We found you through the listserv at work the first fall I taught at Geneva. We brought you home and because it was October and you were orange, we named you Jack, short for Jack-o-Lantern. It was an easy name for Grant to say. And you’ve been our faithful companion since then.
You’ve carefully examined new car seats and the squalling babies they brought. You’ve curled up on the end of children’s beds to watch them at night, though never too close to their sticky hands because you hated to cuddle. And you’ve managed to get in almost every back-to-school picture I’ve ever taken, somehow sure that what I really wanted was you in the camera instead of the kids.
I sometimes thought you were more the neighborhood’s cat than our own. You were happiest outside, especially as the days warmed up. In fact, I counted seasons by you.
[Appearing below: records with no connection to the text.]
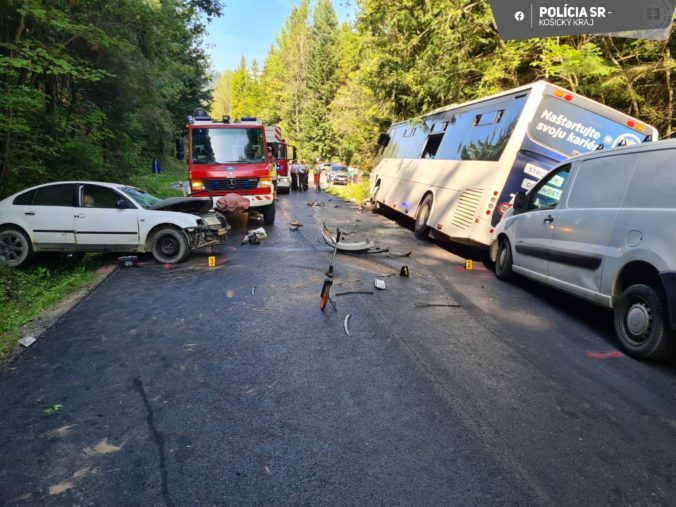 Dopravná nehoda, zrážka autobusu, Spišská Nová Ves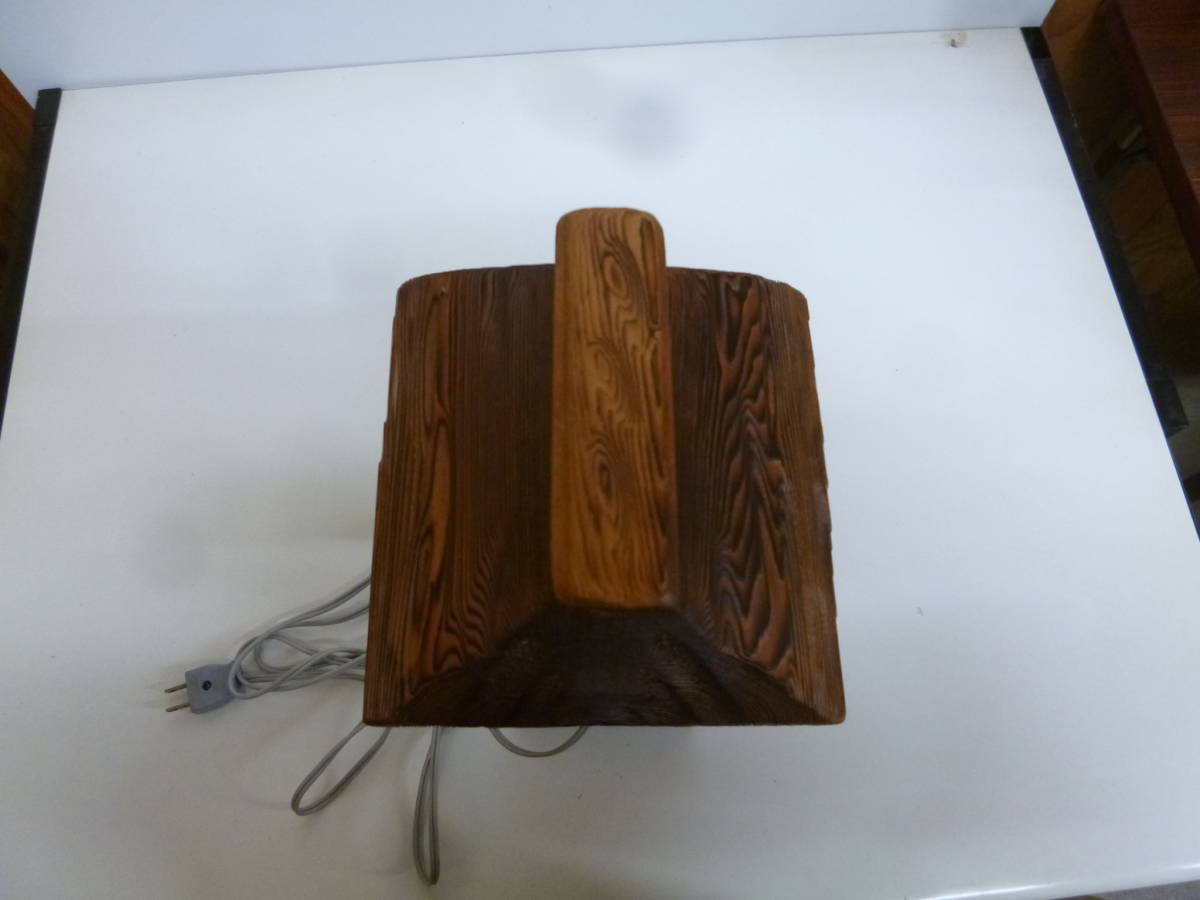 [6589] Showa Retro Akita криптомерия большой павильон прикладное искусство фирма лампа . type из дерева настольный освещение 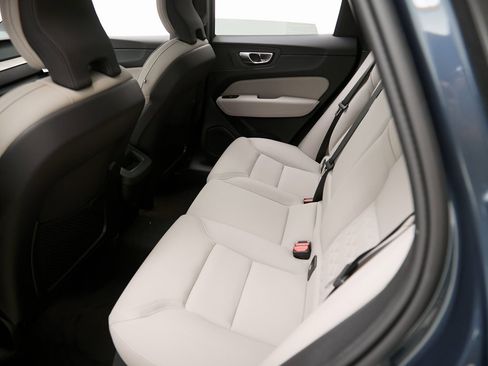 New 2026 Volvo XC60 B5 Plus w/ Protection Package Premier image 22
In spring and summer, I would see you surveying the street from porches all up and down or block, getting a different vantage point on what happened on College Hill. I would knowing it was really fall again when you decided to hang out inside our house instead of on someone else’s porch. When you finally came home to see us, people would say, “Oh, that’s your cat?” because of how far you roamed during the warmer months. You made yourself known everywhere; I even saw your picture in someone else’s wedding slide-show, because you considered their home yours, too. You were king of the neighborhood, and everyone from our neighbors to the stray cats in the alley knew it.
You had a fraught relationship with those alley cats. Hitler, the alley cat who takes after his namesake, you liked and would let into the backyard. But other cats, ones that we tried to welcome into our home, you looked at with deep suspicion. And if the squirrel chitterings and robins squawks are anything to go by, you had made yourself known to those communities, too. It was different with dogs. You seemed to adopt River as one of your best friends, curling up with her, or forcing her off the dog bed so you could be comfortable, and then greeting her with a gentle nudge of your head whenever you met outside. We know she will miss you.
As the weather turned again this fall, we knew that you wouldn’t be with us in the spring. We knew that today was the day we needed to say goodbye. It was right, but still so hard. Thank you for being part of our family for so many years, Jack. We will miss you.